_The data_

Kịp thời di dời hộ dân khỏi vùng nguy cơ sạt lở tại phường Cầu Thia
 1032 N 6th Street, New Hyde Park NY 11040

---

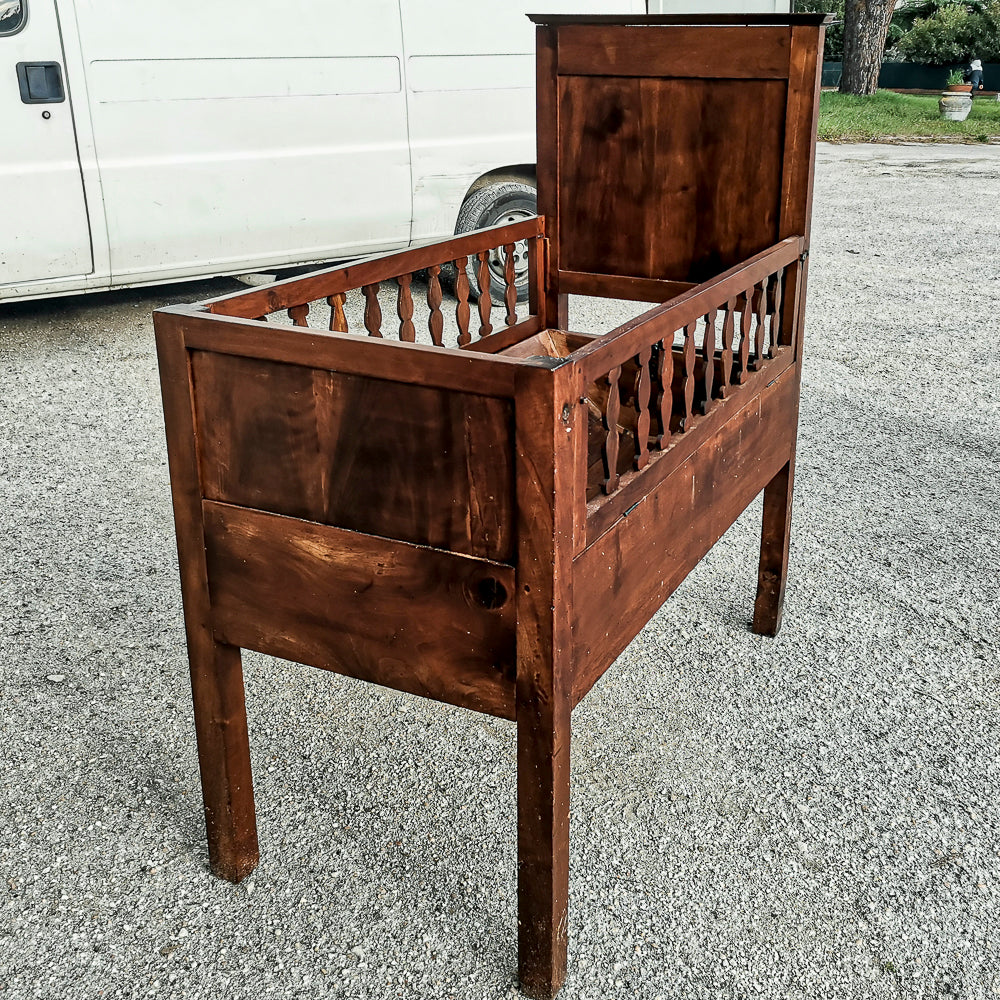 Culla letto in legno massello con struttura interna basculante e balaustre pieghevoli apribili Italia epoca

...

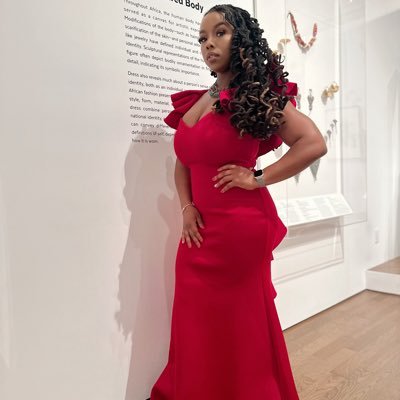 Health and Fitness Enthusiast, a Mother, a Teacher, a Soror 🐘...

_Task item_
All that is wanted is a faithful reproduction of the line above with "Kịp thời di", the line with "1032 N 6th Street, New Hyde Park NY 11040", and every line in between.

_Output of the exercise_
Kịp thời di dời hộ dân khỏi vùng nguy cơ sạt lở tại phường Cầu Thia
 1032 N 6th Street, New Hyde Park NY 11040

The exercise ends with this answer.